(Captioned web image data)
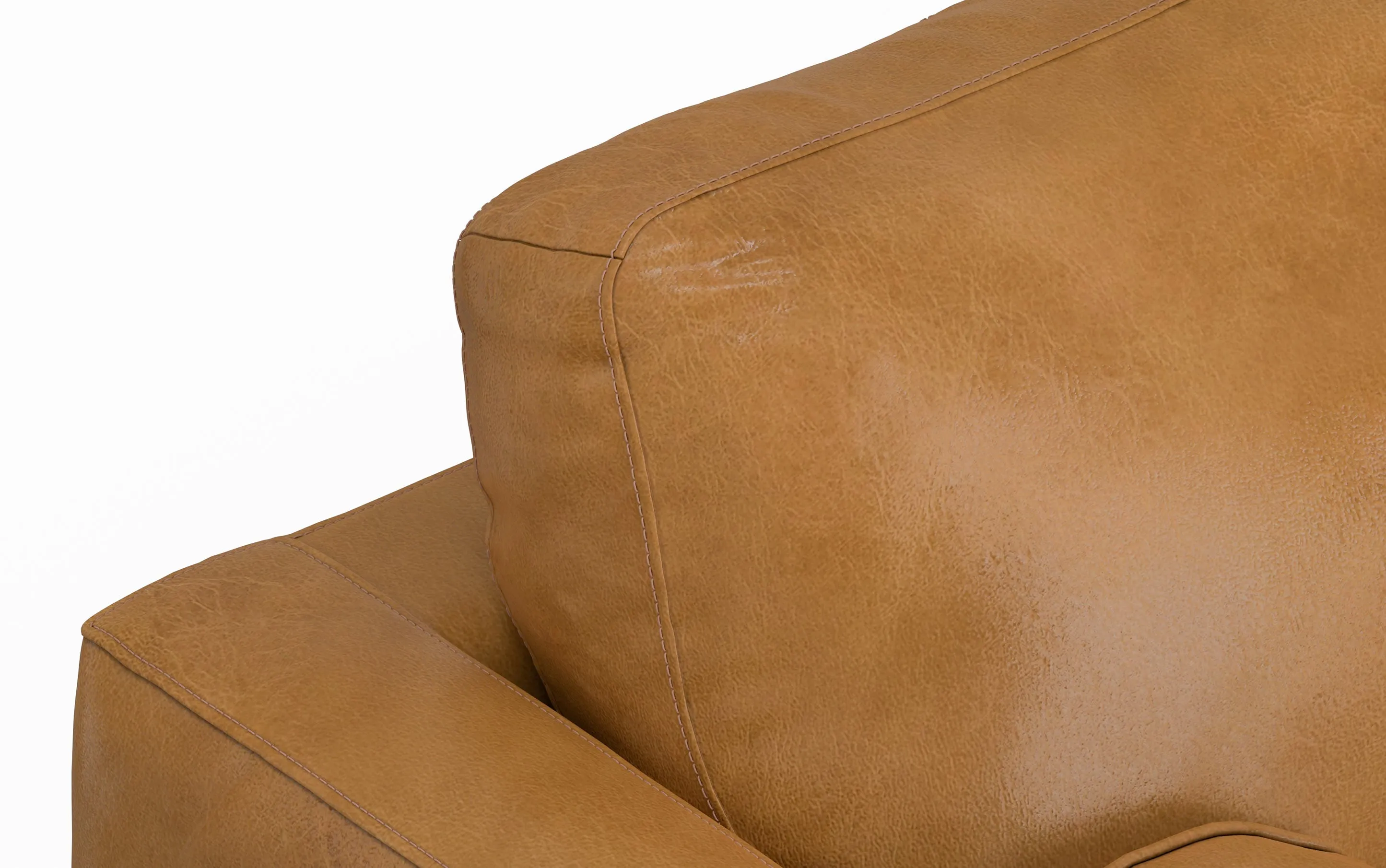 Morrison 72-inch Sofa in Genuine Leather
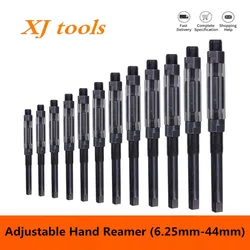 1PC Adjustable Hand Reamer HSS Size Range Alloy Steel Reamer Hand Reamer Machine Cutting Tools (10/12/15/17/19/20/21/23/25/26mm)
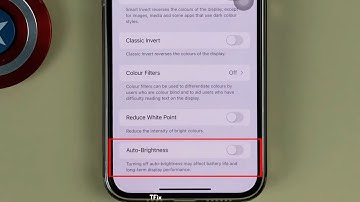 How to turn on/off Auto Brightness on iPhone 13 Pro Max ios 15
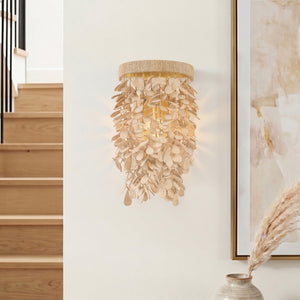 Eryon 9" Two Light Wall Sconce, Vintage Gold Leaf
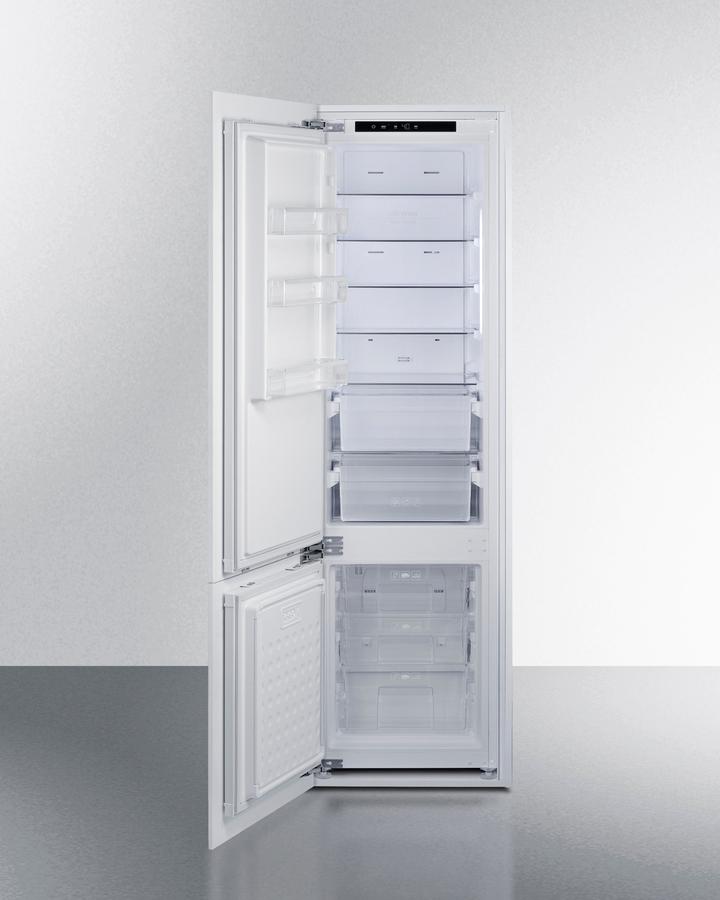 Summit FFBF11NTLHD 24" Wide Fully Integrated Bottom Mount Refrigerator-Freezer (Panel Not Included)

- **AIM OF THE EXERCISE**
With the pictures set aside, copy each line above as written.

- **REPLY**
 Morrison 72-inch Sofa in Genuine Leather
 1PC Adjustable Hand Reamer HSS Size Range Alloy Steel Reamer Hand Reamer Machine Cutting Tools (10/12/15/17/19/20/21/23/25/26mm)
 How to turn on/off Auto Brightness on iPhone 13 Pro Max ios 15
 Eryon 9" Two Light Wall Sconce, Vintage Gold Leaf
 Summit FFBF11NTLHD 24" Wide Fully Integrated Bottom Mount Refrigerator-Freezer (Panel Not Included)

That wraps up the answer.